The audience at the Red Bee event were asked to vote on a series of predictions for 2020.  These included whether on demand would account for 40% of all viewing time; whether more primary sets would have Google or Apple rather than YouView and whether more than half the UK will “like” programmes on a weekly basis.  See the podcast for the full results at the website above but its fair to say that the audience were split.  These are interesting questions. 

The recurring question about the future of TV viewing is when we will be able to get a proper audience measurement for the increasingly diversified viewing behaviour.  By 2020 do you think ?

End the “Over-Cap”

Friday, November 11th, 2011

Picture Source:

I was watching a show last night about the Reunion of Fry and Laurie  : Two national treasures according to the narrator.  We’d Sky-plussed it ages ago and finally got round to watching it. 

We were looking forward to it.  I got about half an hour in and then gave up.  For the first twenty-two minutes the show consisted pretty much exclusively of recaps, forward tasters (forward caps?) of what was coming next and reminders of what the overall theme of the show was about.  It was exhausting. It was exhausting and boring.  It was exhausting, boring and a little bit insulting of my intelligence and attention span.

Presumably this is part of the trend debated in Campaign’s Round Table Discussion headed “Engagement: The Seven Minute Challenge”.

The notion of the Seven Minute Challenge is that whereas once you had to teach in thirty minute instalments because “that was the average time between ad breaks” according to Edward Weatherall from the Institute of Direct and Digital Marketing, now you need to “change things every seven minutes” because of the diminution of attention span owing to people’s reliance on gadgets.

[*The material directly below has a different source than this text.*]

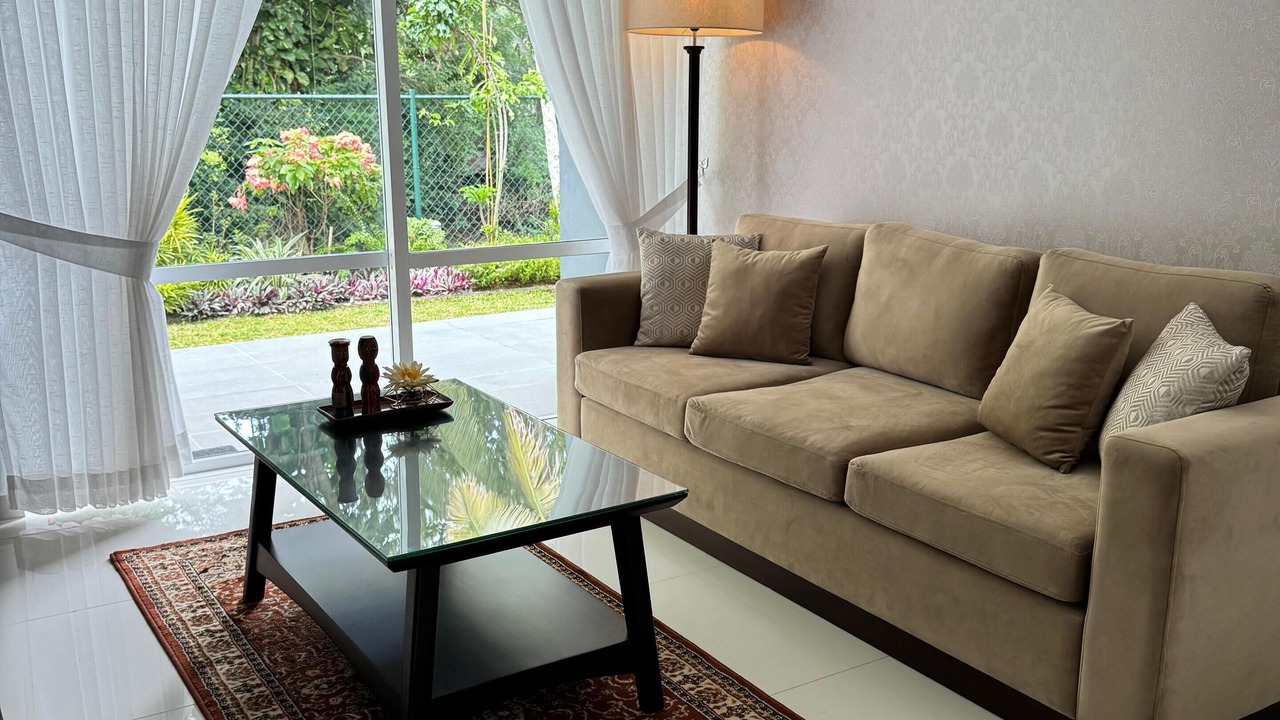 Photo of Outdoor in Gomagoda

(Earlier in the column Sue talked about watching Fry and Laurie on Sky Plus… Stay tuned while she goes on to make a point about storytelling).

I don’t think this can entirely be correct can it?  I have witnessed (haven’t we all) people (even very young people with supposedly more gadget addiction) enraptured by story-telling that goes on and on for much longer than seven minutes.  It may be true that if you have nothing interesting to say you need to change your message, but in that case seven minutes is far too long.  If its great story telling on the other hand… well the last Harry Potter film was over two hours long.

Look though at the likely demographic for a Fry and Laurie reunion.  Possibly you might acknowledge that they are the type of individual that might manage to concentrate for more than ten minutes on something .

Finally there is the nature of viewing these days.   Presumably the original reason for constant recaps every five minutes is to entice people in who have joined the programme late (no need to feel  you’ve missed anything) and the role of the “forward-caps” is to encourage you to stick with the programme if you’re a channel hopper by nature.   However if you’ve Sky-plussed something that you’re looking forward to seeing then both those reasons become irrelevant.

There are two types of shows that are doing well.  Those that can’t be missed because they’re live event viewing (X Factor, Football etc).  Those that have strong story telling narratives (a Downton Abbey for example). 

There is only one way to conduct business if you are showing content.  You must show content that you believe people will enjoy.  In the age of Sky Plus (and other appointment to view, or catch up viewing technologies) the recap, forward cap and general over-cap are redundant.

Ladies and Gentlemen, I thank you for your continued attention.